President Trump is a step closer to getting approval to give Americans the larger stimulus checks he wants, but it could be members of his own party in Congress who ultimately keep that from happening.
Members of the House were back Monday for a rare post-Christmas session, bringing down the curtain on a lame duck session with two major votes.
First it was the Democrat-controlled chamber giving its approval to increasing the stimulus checks in the relief package the president just signed from $600 (for an individual) to $2,000, as the president prefers.
The final vote was 275 yeas, 134 nays, and 21 not voting.
Forty-four Republicans joined all but two Democrats in approving the extra cash. Rep. Frank Lucas, (R) OK-3, was one of them.
In a statement, Lucas said, "Joining with President Trump, I'm hopeful the aid the House voted on tonight will further assist Oklahomans during this historic pandemic and economic crisis."
But Republican leaders in the Senate have so far made no commitment to giving the measure any consideration, despite the president's wish. It was the Senate GOP that opposed larger payments during negotiations on the package.
The second significant vote Monday was the House's attempt to overturn President Trump's veto of the $741 billion National Defense Authorization Act, which passed both the House and Senate earlier this month with veto-proof majorities.
For outgoing Congresswoman Kendra Horn, (D) OK-5, Monday’s votes were likely to be the last she casts, and she was glad to help override the President's veto, calling it 'unacceptable.'
"I'm voting to override this veto because it's important for our troops, it's important for our communities, it's important for our national security," said Horn. "And it is a great example of working across the aisle and getting things done for the American people."
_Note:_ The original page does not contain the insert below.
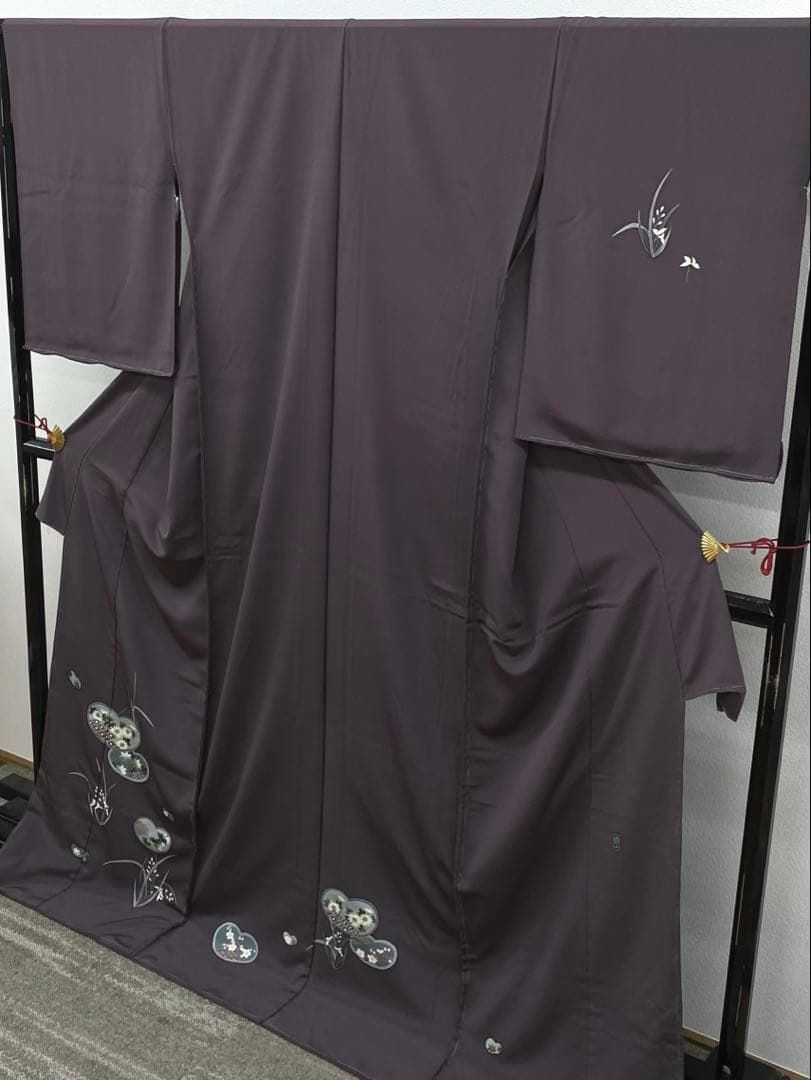 加賀友禅 金丸修一 訪問着 仮絵羽 落款入 未仕立て品 正絹 八掛付き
With two bases in his district, Congressman Tom Cole, (R) OK-4, also voted to override, saying in a statement, "I am disappointed by the president's decision to veto the National Defense Authorization Act, which is vitally important to supporting and strengthening our common defense and ensuring our service members have the resources they need to keep us safe."
The vote was 322-87, easily satisfying the two-thirds majority required to overturn a presidential veto.
Rep. Kevin Hern, (R) OK-1 was among 66 Republicans who voted to sustain the president's veto.
Congressman Markwayne Mullin, (R) OK-2, would have joined him in that effort, but he missed his flight and thus missed the votes, In a video he posted to Twitter, Mullin apologized for missing the important votes and made clear where he stands with regard to the defense bill veto.
"Just letting you know, to make sure everybody understands where I'm at," Rep. Mullin stated, "I stand with President Trump."
Trump vetoed the bill, saying he was unhappy that, among other things, it did not contain a clause eliminating Section 230 of the Telecommunications Act, which he said allows social media companies to censor conservative speech.
It's now up to the Senate to complete the veto override, which would be the first of the Trump presidency. Procedural hurdles mean the earliest that vote could happen is Wednesday.
Sen. Jim Inhofe, (R) Oklahoma, a staunch Trump ally, but also Chairman of the Senate Armed Services Committee, which together with the House Armed Services Committee, writes the NDAA, said he will vote to override.